Spacing Multiple Floats: In systems with more than one float (e.g. an “off” float, “on” float, and an alarm float), stagger their heights so that they don’t interfere with each other. The floats and their cables should be separated (often clipped to a rod or at different heights on the pipe) to prevent entanglement. For instance, a typical three-float setup will have the lowest float turn the pump off, the next float up turns the pump on, and the highest is a backup alarm
Ensure that as one float rises and falls, it cannot snag on the others’ cables.
Avoid Obstructions: Position floats in a zone of the sump where they are least likely to encounter incoming wastewater turbulence or debris. Keep them away from inlet pipes if possible (turbulent flow can make them sway or tangle). Also, route the float cables neatly out of the pit – use a strain relief and secure the cables so they won’t get pulled or pinched by the pump.

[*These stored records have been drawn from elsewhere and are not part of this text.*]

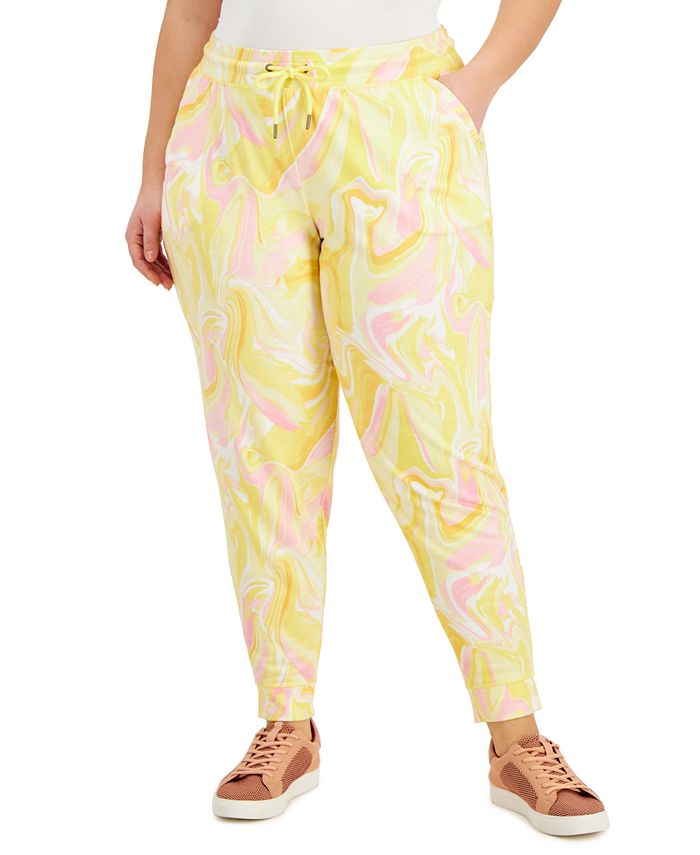 ID Ideology Women's Whirl Print Joggers Yellow Size 3X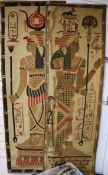 Two pairs of 1920's Egyptian figural appliques wall hangings 190cm x 65cm each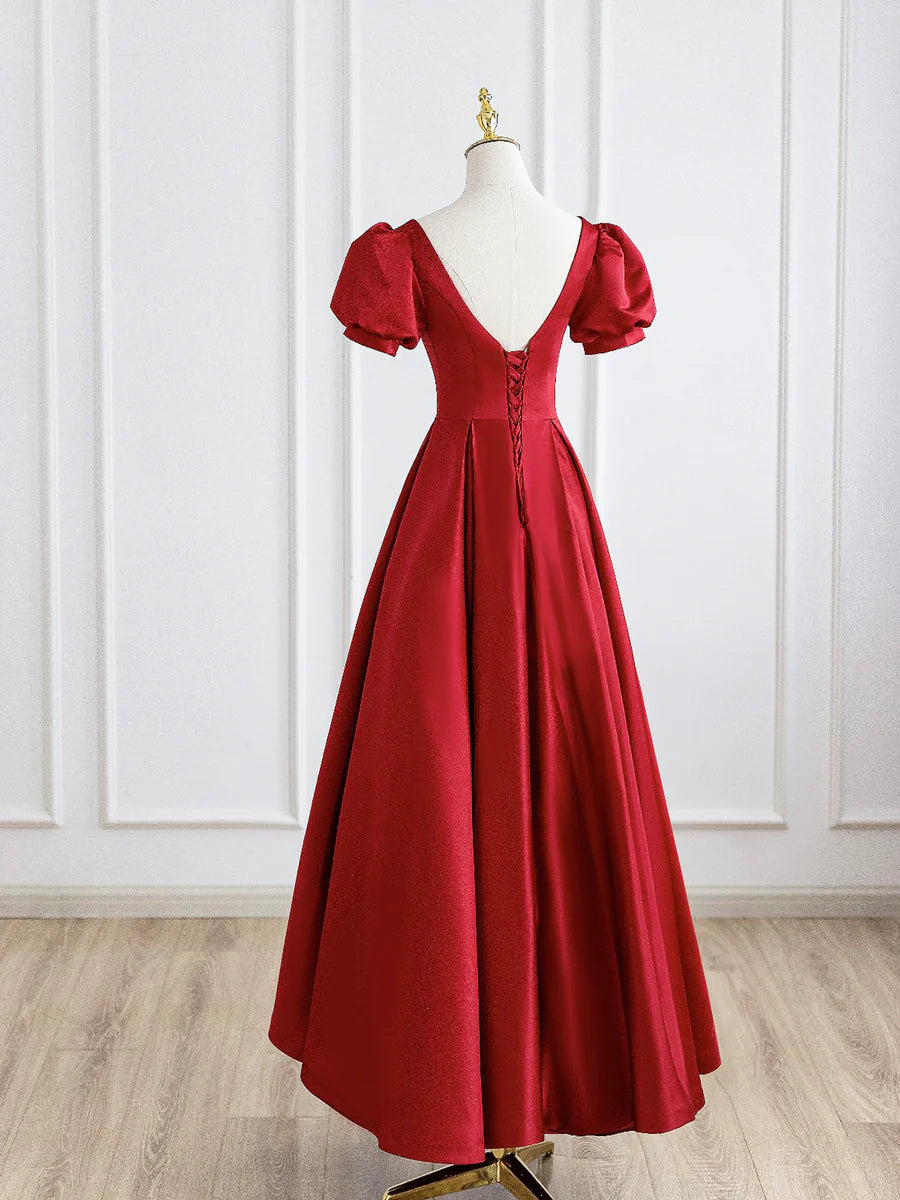 Simple Red Satin Long Prom Dress A-Line Short Sleeve Floor Length Evening Dress Party Dress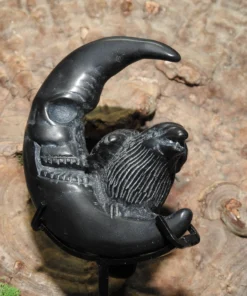 Black Obsidian Raven on Moon with stand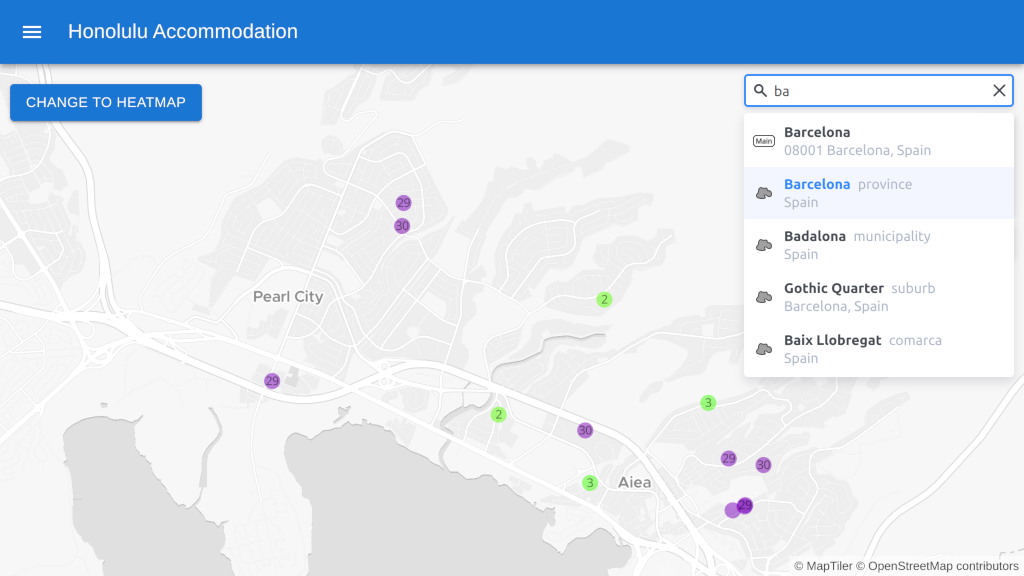 Geocoding control using React JS with Material UI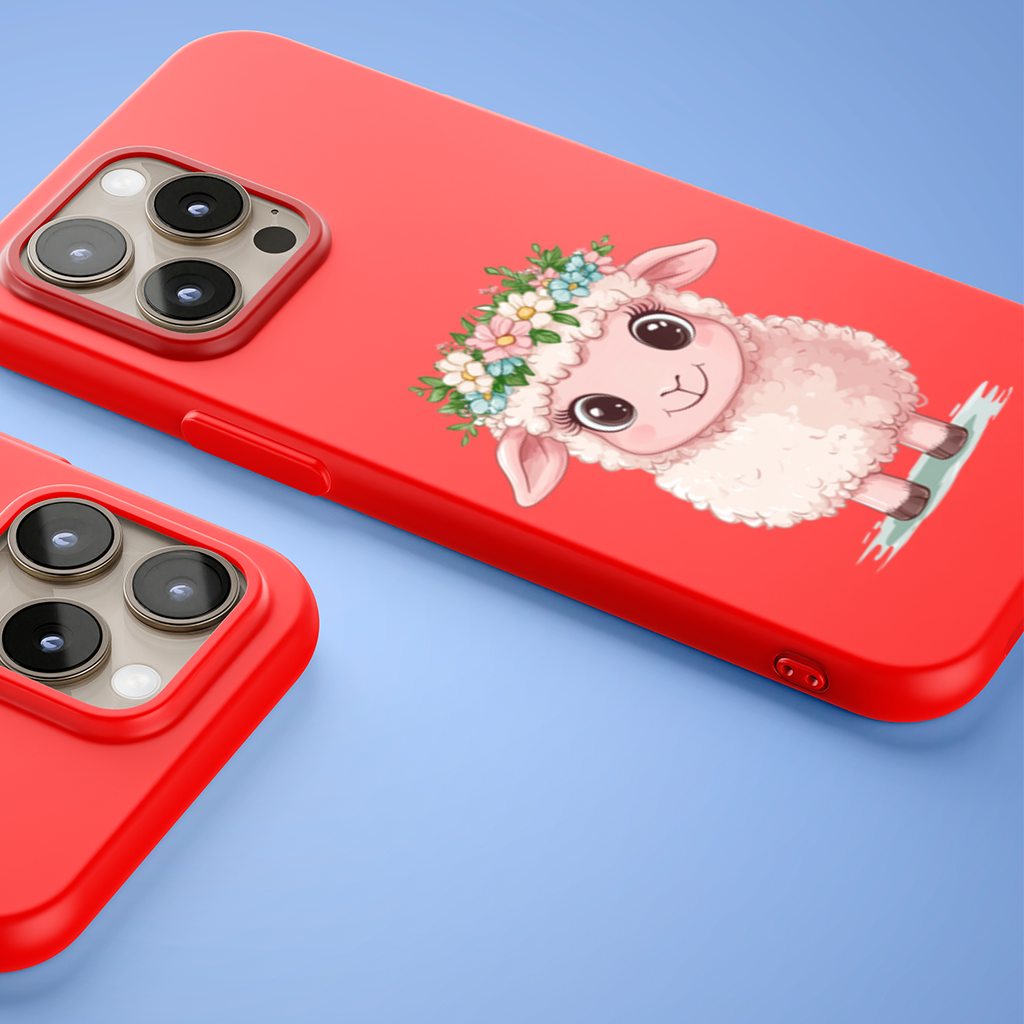 Kawaii Flower Crown Pink Lamb iPhone 15 Pro Max Case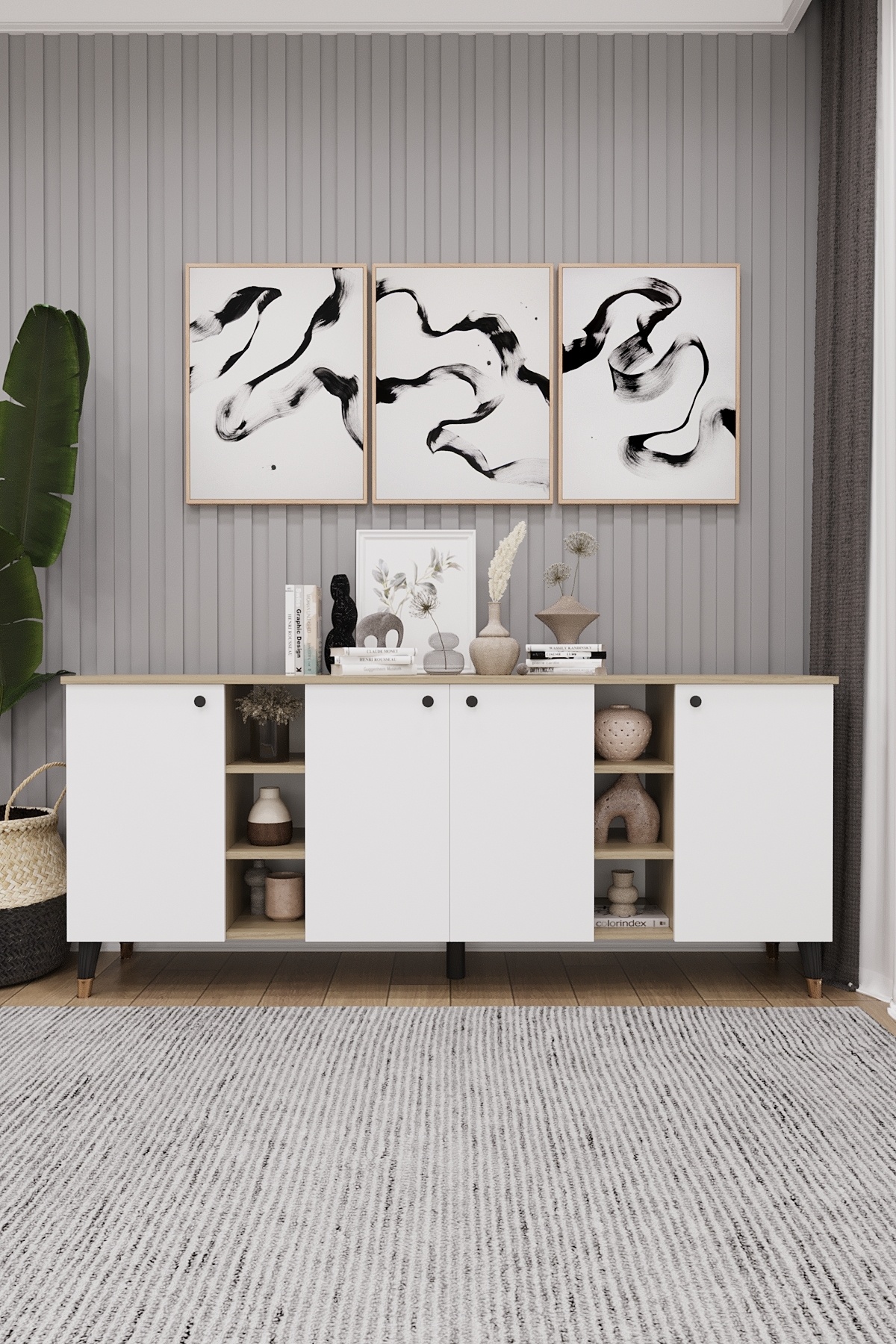 asratrend Geniş Konsol - Modern Büfe Dolap - 4 Kapaklı Şık Tasarım Salon ve Yemek Odası Ünitesi KNSL-05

Test the Action: After installation, manually lift each float to verify it can move freely and that it actually triggers the intended action (pump on/off or alarm). This test can catch a float that might be mounted too tight or in a bad spot. If a float tends to get stuck, reposition it or add a guide so it stays clear of walls. The goal is to ensure each float can freely rise and drop without catching on anything.